Enhance CI linting and add coverage-focused tests

haasonsaas · haasonsaas · commit ba2c6b9c7631 · 2025-11-08T10:51:49.000-08:00
diff --git a/.github/workflows/ci.yml b/.github/workflows/ci.yml
@@ -17,5 +17,9 @@ jobs:
         run: |
           python -m pip install --upgrade pip
           pip install -r requirements-test.txt
-      - name: Run tests
-        run: pytest --maxfail=1 --disable-warnings
+      - name: Run format & lint checks
+        run: |
+          ruff check .
+          mypy --ignore-missing-imports envd inference trainer
+      - name: Run tests with coverage
+        run: pytest --maxfail=1 --disable-warnings --cov --cov-report=term-missing
diff --git a/.gitignore b/.gitignore
@@ -9,4 +9,5 @@ checkpoints/
 dist/
 build/
 *.log
+/.coverage
 /.venv/
diff --git a/envd/server.py b/envd/server.py
@@ -3,7 +3,6 @@
 import os
 import subprocess
 import time
-from concurrent import futures
 from pathlib import Path
 from typing import List
 
diff --git a/inference/model.py b/inference/model.py
@@ -1,7 +1,7 @@
 from __future__ import annotations
 
 import json
-from typing import Any, Protocol
+from typing import Protocol
 
 import httpx
 
diff --git a/inference/serve.py b/inference/serve.py
@@ -5,17 +5,27 @@
 import random
 import time
 from dataclasses import asdict, dataclass
-from typing import Any, Dict, Iterable, List, Tuple
+from typing import TYPE_CHECKING, Any, Dict, Iterable, List, Tuple, cast
 
-import ray
 import grpc
+import ray
+from envd.generated import tools_pb2 as tools_pb2_module
+from envd.generated import tools_pb2_grpc as tools_pb2_grpc_module
 from google.protobuf.json_format import MessageToDict
 
-from envd.generated import tools_pb2, tools_pb2_grpc
 from .config import SamplerConfig, StorageConfig
 from .model import create_sampler, ensure_json_plan
 from .storage import create_storage, write_rollout_records
 
+tools_pb2 = cast(Any, tools_pb2_module)
+tools_pb2_grpc = cast(Any, tools_pb2_grpc_module)
+ray = cast(Any, ray)
+
+if TYPE_CHECKING:
+    from ray.actor import ActorHandle
+else:  # pragma: no cover - typing fallback
+    ActorHandle = Any
+
 
 @dataclass(slots=True)
 class ToolSpec:
@@ -39,15 +49,14 @@ def build_request(tool: str, args: Dict[str, Any]) -> Any:
     return spec.request_cls(**args)
 
 
-def stub_method(stub: tools_pb2_grpc.ToolsStub, tool: str):
+def stub_method(stub: Any, tool: str):
     spec = TOOL_SPECS.get(tool)
     if not spec:
         raise ValueError(f"unknown tool: {tool}")

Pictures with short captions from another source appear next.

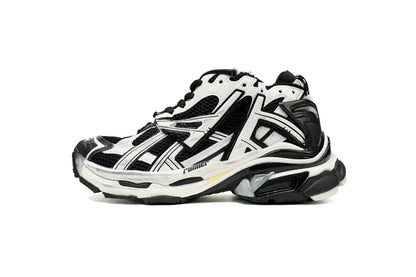 BALENCI Runner Sneaker Black White - image 1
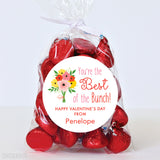 Flower Bouquet "Best of the Bunch" Valentine's Day Stickers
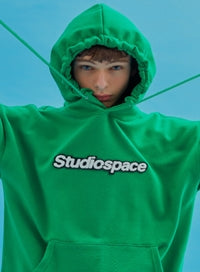 AQO_studiospace(アコスタジオスペース) AQO HOODIE WITH LOGO GREEN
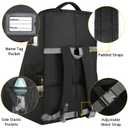 YOREPEK Padded Car Seat Travel Bag Backpack, Toddler Travel Essentials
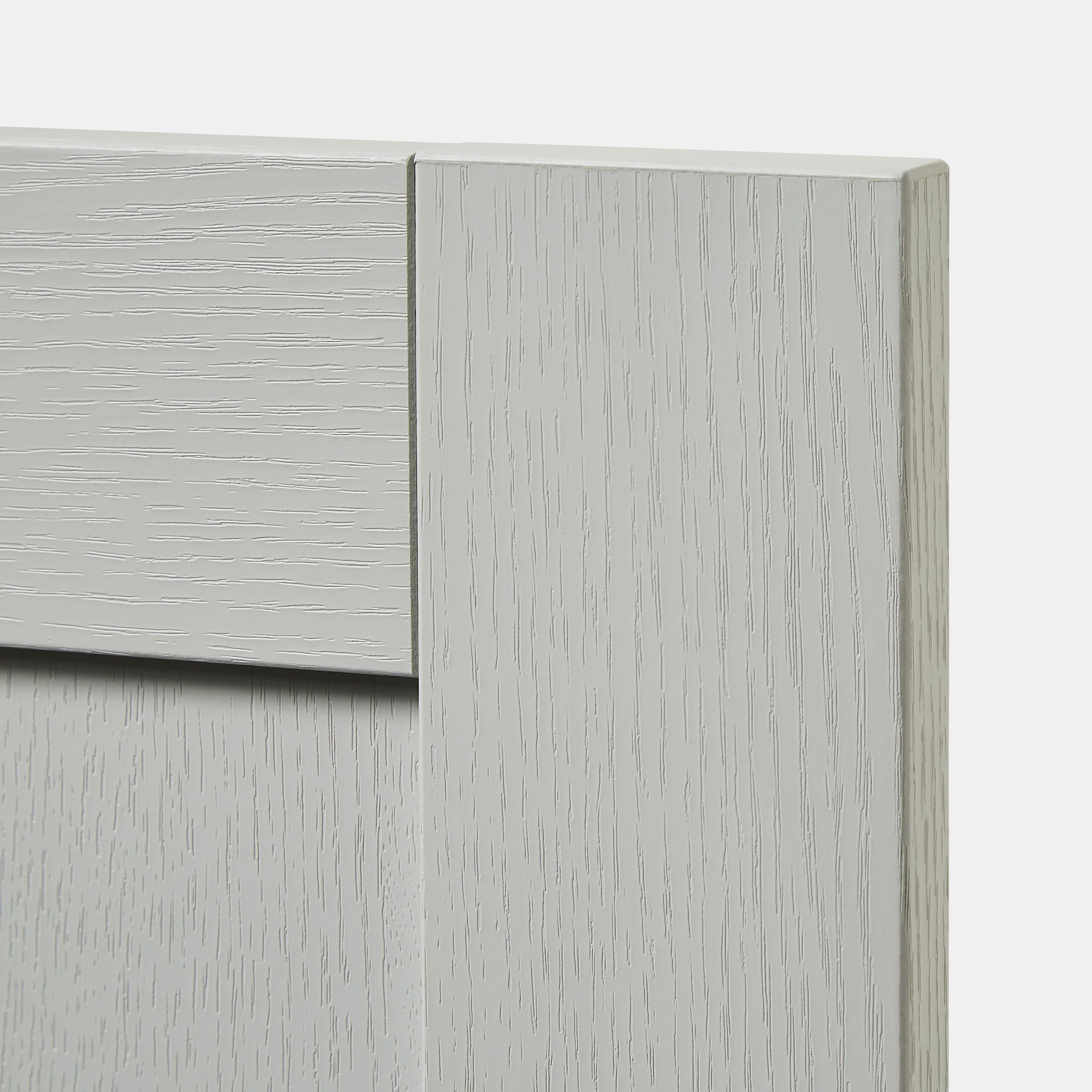 GoodHome Alpinia Matt grey wood effect Tall appliance Cabinet door (W)600mm (H)633mm (T)18mm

     return getattr(stub, spec.attr)
 
 
-@ray.remote(num_cpus=0.05)
-class EnvClient:
+class EnvClientImpl:
     def __init__(self, host: str):
         self._host = host
         self._channel = grpc.aio.insecure_channel(host)
@@ -58,9 +67,9 @@ async def call(self, tool: str, args: Dict[str, Any], *, timeout: float | None =
         rpc = stub_method(self._stub, tool)
         try:
             response = await rpc(request, timeout=timeout)
-            payload = MessageToDict(response, preserving_proto_field_name=True, including_default_value_fields=True)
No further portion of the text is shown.